EXERCISE DESCRIPTION:
Return only the stretch of the material below that begins with the line containing "Libro Bill Barnes: El Pigmeo Blanco 1946" and ends with the line containing "纯美女VOCALOID洛天依花嫁Cosplay(图7)", exactly; both of those lines belong to it.

INFORMATION: Begin

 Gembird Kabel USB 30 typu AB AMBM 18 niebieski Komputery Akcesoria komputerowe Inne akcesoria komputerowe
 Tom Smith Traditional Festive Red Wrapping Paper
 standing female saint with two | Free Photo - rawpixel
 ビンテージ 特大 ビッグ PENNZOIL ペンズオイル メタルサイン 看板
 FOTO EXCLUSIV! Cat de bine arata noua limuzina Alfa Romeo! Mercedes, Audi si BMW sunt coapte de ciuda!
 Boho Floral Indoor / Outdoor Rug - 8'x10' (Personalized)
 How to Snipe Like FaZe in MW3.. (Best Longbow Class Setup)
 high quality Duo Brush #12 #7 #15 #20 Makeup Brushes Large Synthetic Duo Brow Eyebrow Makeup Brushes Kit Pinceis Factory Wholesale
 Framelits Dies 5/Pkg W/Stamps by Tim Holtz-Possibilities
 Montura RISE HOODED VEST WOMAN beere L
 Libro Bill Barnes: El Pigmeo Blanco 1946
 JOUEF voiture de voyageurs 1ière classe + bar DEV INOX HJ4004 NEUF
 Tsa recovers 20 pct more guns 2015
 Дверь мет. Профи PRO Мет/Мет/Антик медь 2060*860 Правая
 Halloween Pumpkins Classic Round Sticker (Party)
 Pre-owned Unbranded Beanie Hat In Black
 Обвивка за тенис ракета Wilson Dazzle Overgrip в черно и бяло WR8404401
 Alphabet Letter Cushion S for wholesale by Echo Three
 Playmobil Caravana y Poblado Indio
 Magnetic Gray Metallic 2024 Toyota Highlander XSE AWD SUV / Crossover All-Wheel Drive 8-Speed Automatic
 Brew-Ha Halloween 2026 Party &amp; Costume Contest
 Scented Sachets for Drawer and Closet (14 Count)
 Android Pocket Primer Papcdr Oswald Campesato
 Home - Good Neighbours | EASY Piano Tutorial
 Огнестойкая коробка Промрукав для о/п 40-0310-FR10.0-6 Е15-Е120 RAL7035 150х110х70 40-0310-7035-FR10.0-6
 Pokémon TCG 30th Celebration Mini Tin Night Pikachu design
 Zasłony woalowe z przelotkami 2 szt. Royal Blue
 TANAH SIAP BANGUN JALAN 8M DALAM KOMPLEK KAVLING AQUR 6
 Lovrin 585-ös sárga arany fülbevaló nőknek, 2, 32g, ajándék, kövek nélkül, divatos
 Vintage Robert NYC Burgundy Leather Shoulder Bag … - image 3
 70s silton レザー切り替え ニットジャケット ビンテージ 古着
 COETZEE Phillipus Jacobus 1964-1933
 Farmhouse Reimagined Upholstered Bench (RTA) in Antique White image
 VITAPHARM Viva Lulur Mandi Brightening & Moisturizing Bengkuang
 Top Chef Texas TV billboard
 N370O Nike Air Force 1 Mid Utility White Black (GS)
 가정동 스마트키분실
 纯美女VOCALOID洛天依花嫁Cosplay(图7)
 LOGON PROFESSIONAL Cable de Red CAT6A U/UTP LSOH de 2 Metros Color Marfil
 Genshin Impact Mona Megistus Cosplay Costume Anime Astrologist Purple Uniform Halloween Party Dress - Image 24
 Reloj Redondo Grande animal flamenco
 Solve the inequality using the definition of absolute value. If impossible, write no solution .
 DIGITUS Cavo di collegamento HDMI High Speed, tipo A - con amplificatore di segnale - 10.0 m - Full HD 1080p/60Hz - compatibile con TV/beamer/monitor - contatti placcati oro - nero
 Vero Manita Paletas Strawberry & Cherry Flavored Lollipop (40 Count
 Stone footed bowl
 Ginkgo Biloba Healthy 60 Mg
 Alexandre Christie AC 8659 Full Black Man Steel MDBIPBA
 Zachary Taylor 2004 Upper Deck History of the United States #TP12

INFORMATION: End

RESPONSE:
 Libro Bill Barnes: El Pigmeo Blanco 1946
 JOUEF voiture de voyageurs 1ière classe + bar DEV INOX HJ4004 NEUF
 Tsa recovers 20 pct more guns 2015
 Дверь мет. Профи PRO Мет/Мет/Антик медь 2060*860 Правая
 Halloween Pumpkins Classic Round Sticker (Party)
 Pre-owned Unbranded Beanie Hat In Black
 Обвивка за тенис ракета Wilson Dazzle Overgrip в черно и бяло WR8404401
 Alphabet Letter Cushion S for wholesale by Echo Three
 Playmobil Caravana y Poblado Indio
 Magnetic Gray Metallic 2024 Toyota Highlander XSE AWD SUV / Crossover All-Wheel Drive 8-Speed Automatic
 Brew-Ha Halloween 2026 Party &amp; Costume Contest
 Scented Sachets for Drawer and Closet (14 Count)
 Android Pocket Primer Papcdr Oswald Campesato
 Home - Good Neighbours | EASY Piano Tutorial
 Огнестойкая коробка Промрукав для о/п 40-0310-FR10.0-6 Е15-Е120 RAL7035 150х110х70 40-0310-7035-FR10.0-6
 Pokémon TCG 30th Celebration Mini Tin Night Pikachu design
 Zasłony woalowe z przelotkami 2 szt. Royal Blue
 TANAH SIAP BANGUN JALAN 8M DALAM KOMPLEK KAVLING AQUR 6
 Lovrin 585-ös sárga arany fülbevaló nőknek, 2, 32g, ajándék, kövek nélkül, divatos
 Vintage Robert NYC Burgundy Leather Shoulder Bag … - image 3
 70s silton レザー切り替え ニットジャケット ビンテージ 古着
 COETZEE Phillipus Jacobus 1964-1933
 Farmhouse Reimagined Upholstered Bench (RTA) in Antique White image
 VITAPHARM Viva Lulur Mandi Brightening & Moisturizing Bengkuang
 Top Chef Texas TV billboard
 N370O Nike Air Force 1 Mid Utility White Black (GS)
 가정동 스마트키분실
 纯美女VOCALOID洛天依花嫁Cosplay(图7)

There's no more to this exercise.